We have entered the 1940s. Tomas has quit drinking after receiving treatment by a psychoanalyst in Stockholm. Maj knows that she should be pleased that he has achieved this for her and Anita, but the threat of a relapse is constantly looming. And the war that shadows everything. Tomas is called up for military service, leaving Maj at home alone with the child and the anxiety. How a bomb could fall and wipe out everything. Anita is growing fast. The doctor says that Maj must immediately stop breastfeeding, now that she has a baby on the way. She knows this but still, what does the doctor know about the power to comfort.
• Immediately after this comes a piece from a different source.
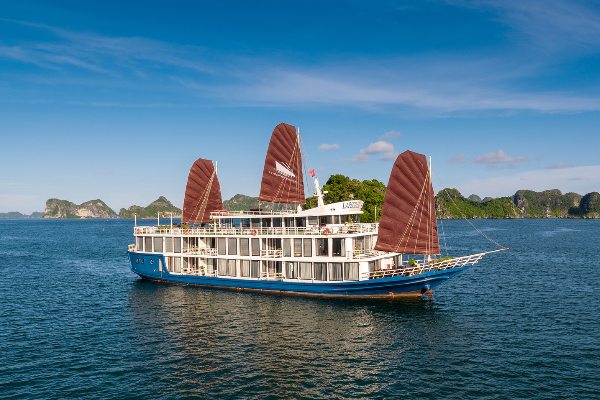 2D1N LE JOURNEY BOUTIQUE CRUISE - photo 6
And then Maj's mother dies. Mamma Elin, who never even got to meet her granddaughter, because of the illness. She can't cry, not even at the funeral; if she would let anything out she would break. And she must remain strong, always. Fight the overcoming dizziness.
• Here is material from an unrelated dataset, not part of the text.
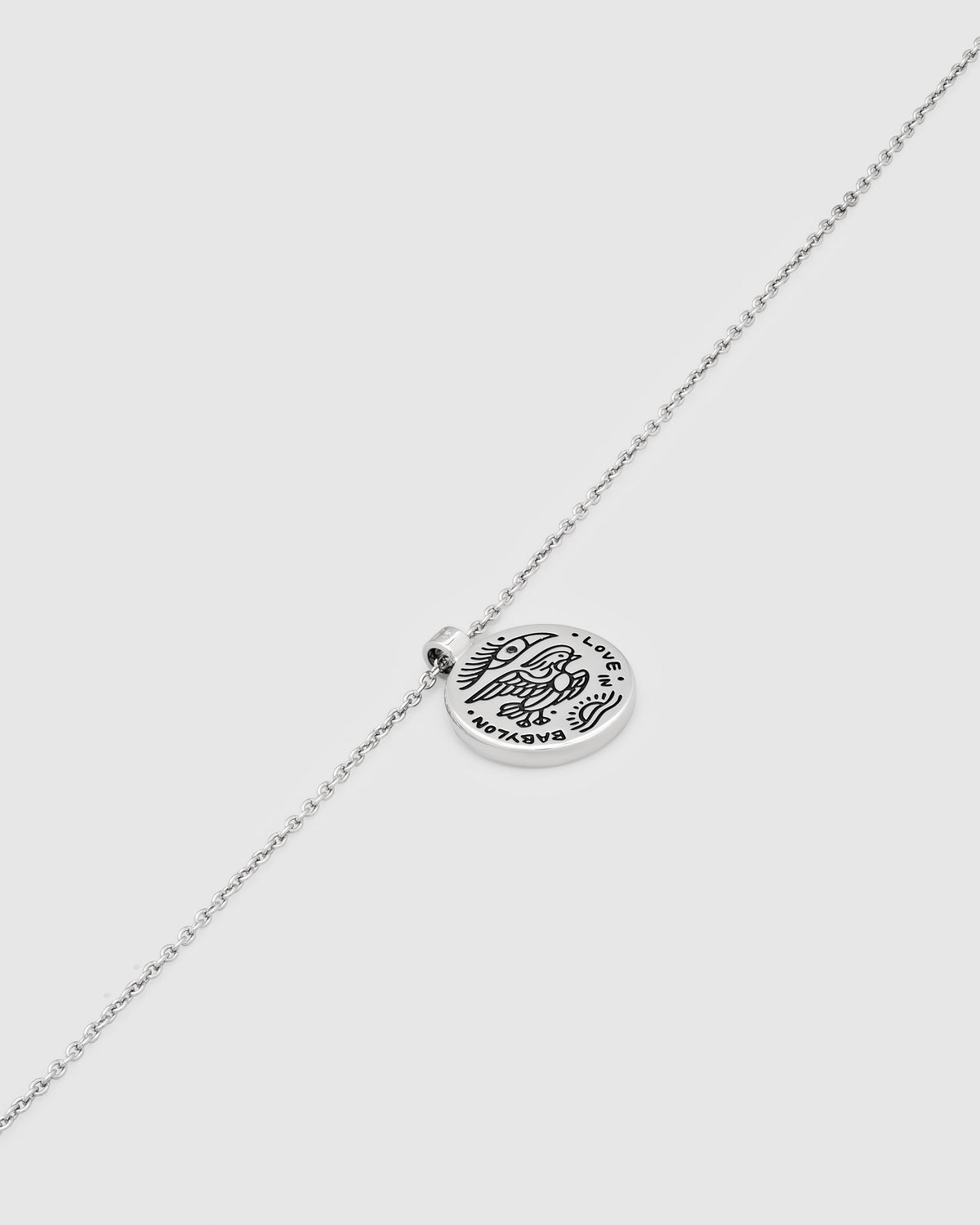 Love In Babylon Pendant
While Tomas is away–on military service, at work, on business dinners and board meetings–Maj tends to the empire that is her home, and to the children, to playdates and parties. Peace brings a promise of future and abundance, and times are changing for women. For Maj whose ideal is the perfect housewife change isn't always easy to understand. But inside a rebellious voice cries–lonely, uninhibited, demanding.
In this second part of the trilogy we follow Maj from the beginning of the 1940s into the 1950s. Through personal loss, moments of joy and harmony, through anxiety and worry. It is an intimate and genuine portray of a woman which lingers in the minds of the readers.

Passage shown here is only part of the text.